I love our government, but the National Security Agency (NSA) and the National Institute of Standards and Technology (NIST), which is in charge of national crypto standards and the move to quantum-resistant ciphers, have a long history of accomplishing significant crypto achievements and keeping us in the dark. Heck, they didn’t reveal that they had obtained asymmetric cryptography a few years before the Diffie-Hellman public declaration in 1976 until a few years ago.

The NSA has the dual objectives of making new crypto achievements, including breaking trusted cryptography, and also protecting us against other nation’s cryptographic achievements. But 90% of its resources are focused on breaking secrets and only 10% on protecting us. Again, when given the chance to better protect us by telling us that they have obtained a cryptographic achievement and keeping it secret so they could use it against their targets, they keep things secret for as long as possible.

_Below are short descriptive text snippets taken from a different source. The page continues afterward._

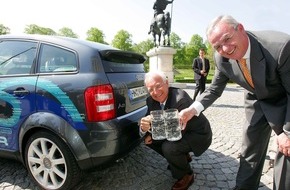 Audi AG: Audi präsentiert Brennstoffzellen-Auto / Ministerpräsident Stoiber fährt Audi A2H2
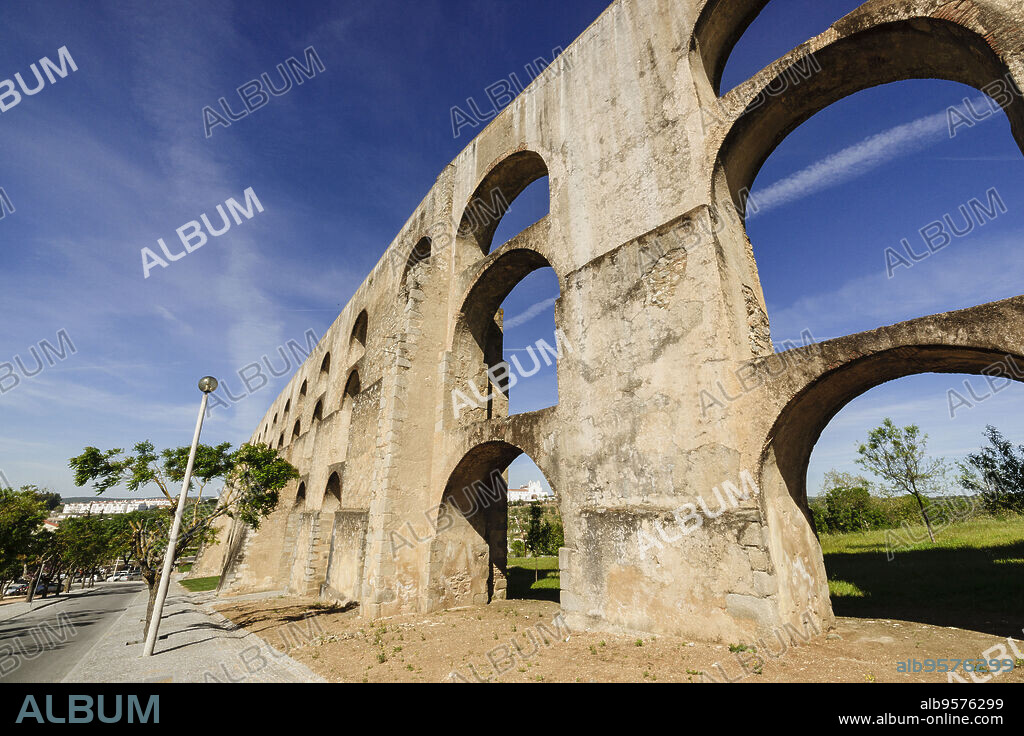acueducto de Amoreira,siglos XVI-XVII, monumento nacional, freguesia de Sao Bras e Sao Lourenço, municipio de Elvas, Alentejo, Portugal, europa.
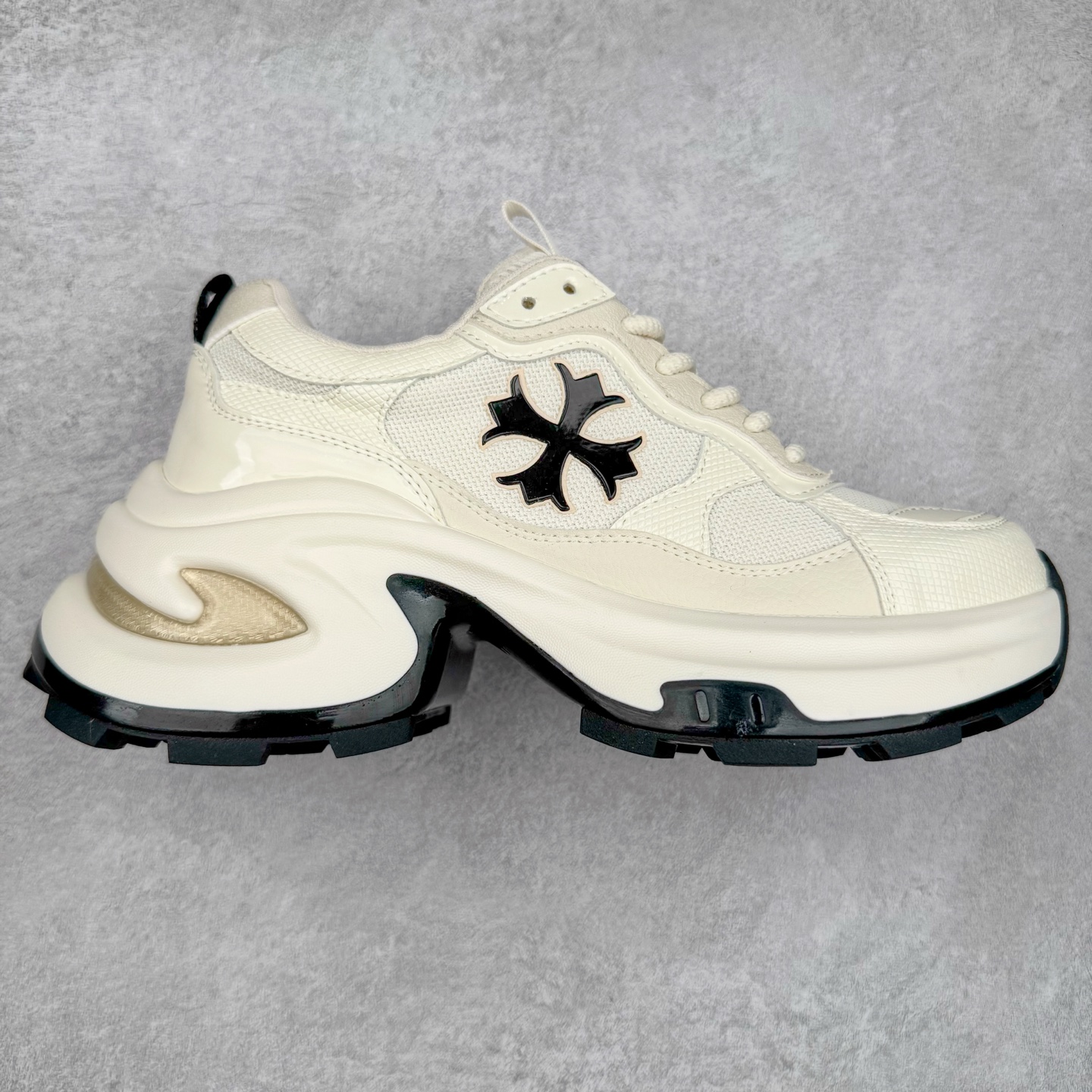 GG-CC Chunky Low 休闲运动老爹鞋 #广东大厂出品 完美细节 25ss早春新款 大长腿 时髦look轻松定格 不费力展现率性氛围 酷帅机能风不规则设计大底 GGcc杏银红色拼色造型设计 轻便舒适百搭 不管怎么搭都敲好看~尺码:35 36 37 38 39 40-选品中心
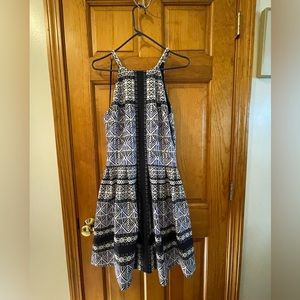 Vince Camuto flouncy dress perfect for spring and summer, size 12 - like new!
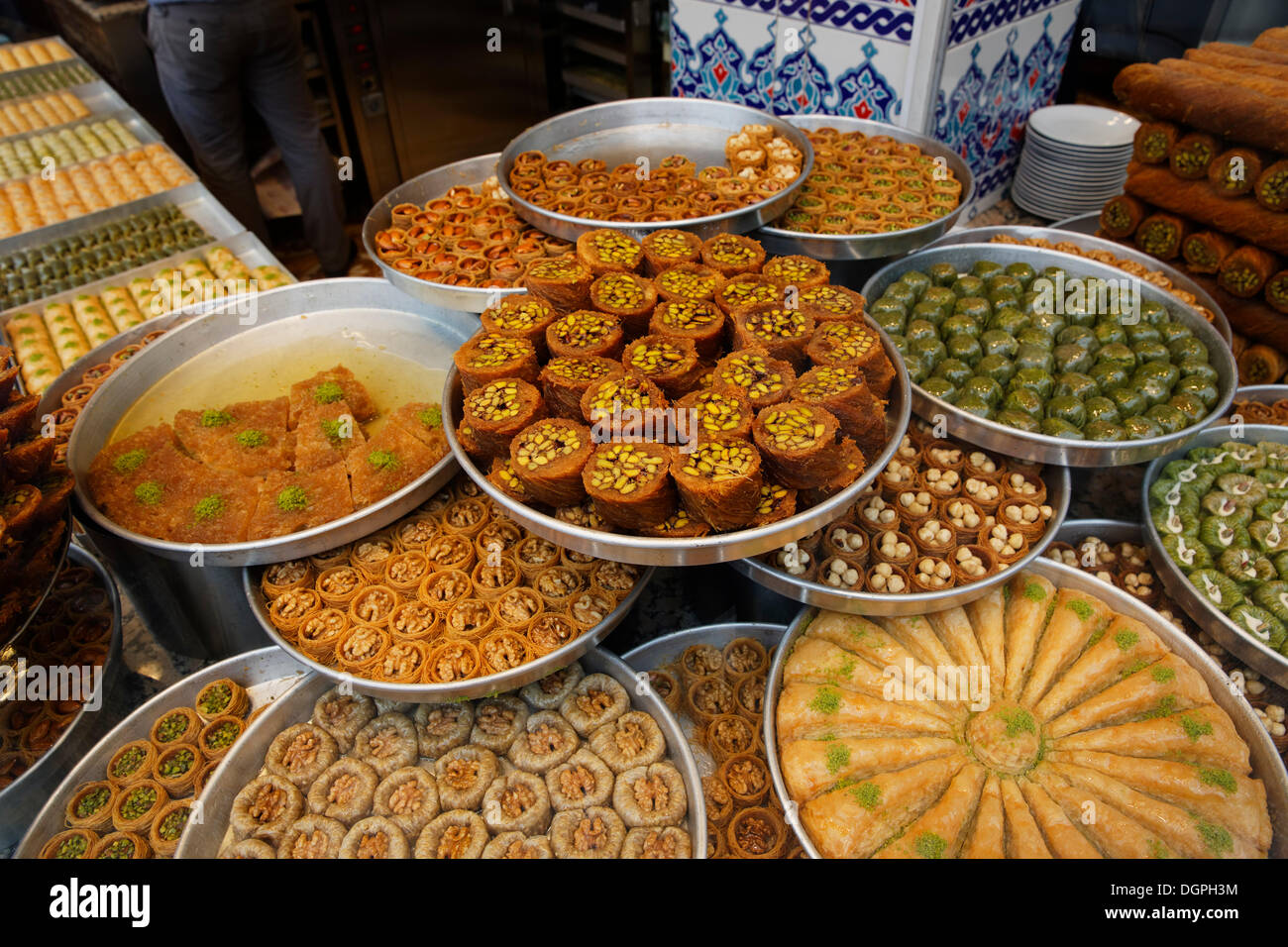 Baklava und andere türkische Süßigkeiten im Schaufenster von Hafiz Mustafa, Istanbul, Türkei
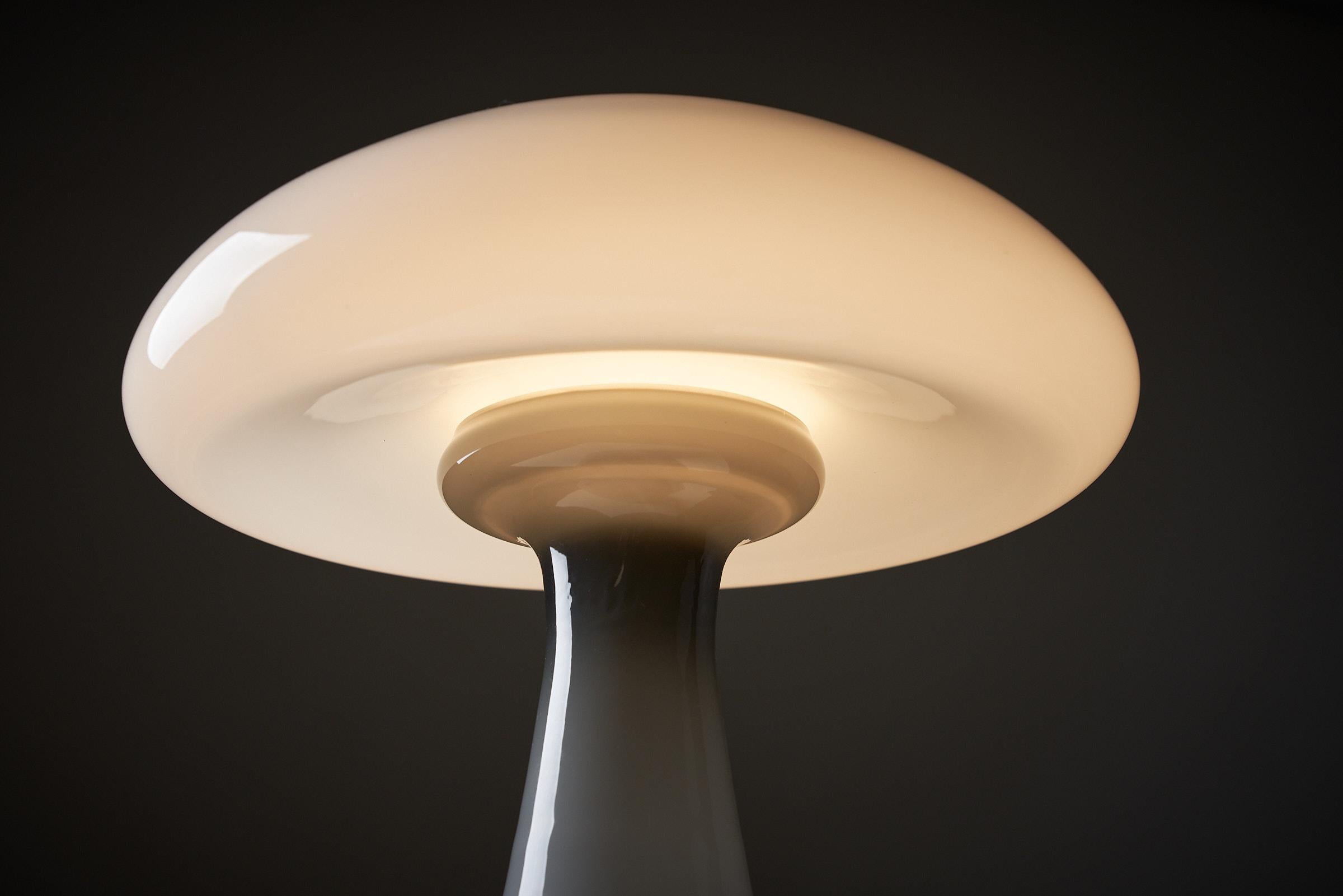 Mid-20th Century Special Glass Mushroom Table Lamp by Vistosi Italy  For Sale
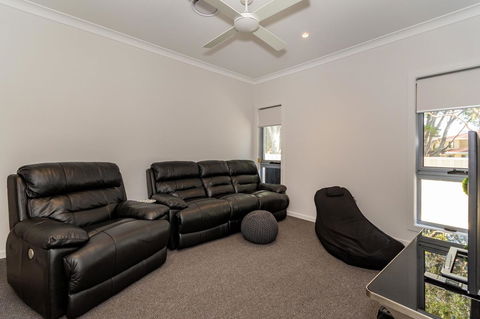 Stunning Canal Home Oh So Close To The Waterfront - Kingaroy Accommodation 10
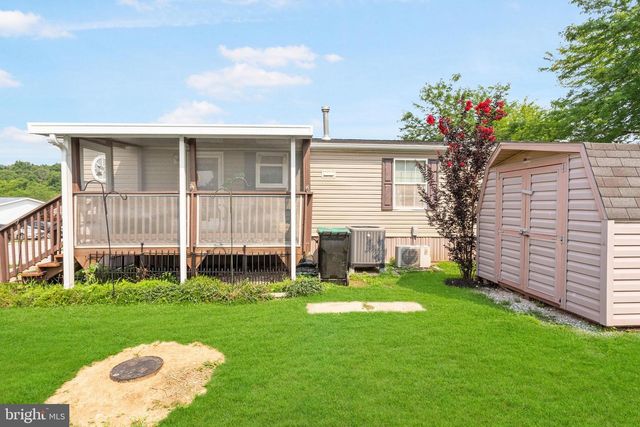 60 BROADWING DR, Hanover, PA 17331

It’s hard to have two major, counter objectives and do both perfectly. I believe that if the NSA (or China) had obtained the quantum crypto break, there is no way they would tell anyone else. It would be counter to their primary objective of reading their target’s secrets. You could even say that it would be negligent for them to reach the quantum crypto break and publicly reveal it before they have to.

Once we finally learn the true quantum crypto break timeline, many years from now, we will learn that some government achieved it far earlier than the rest of the world knew. History is replete with this sort of examples.

No, I don’t know for sure if we’ve already achieved the quantum crypto break. It’s probably only three years or less away, but it wouldn’t at all surprise me if it’s already been done. We’ve got quantum mechanics. We’ve got quantum computers. We’ve got qubits. The hardest part has already been done. Getting more stable qubits just doesn’t seem nearly as difficult.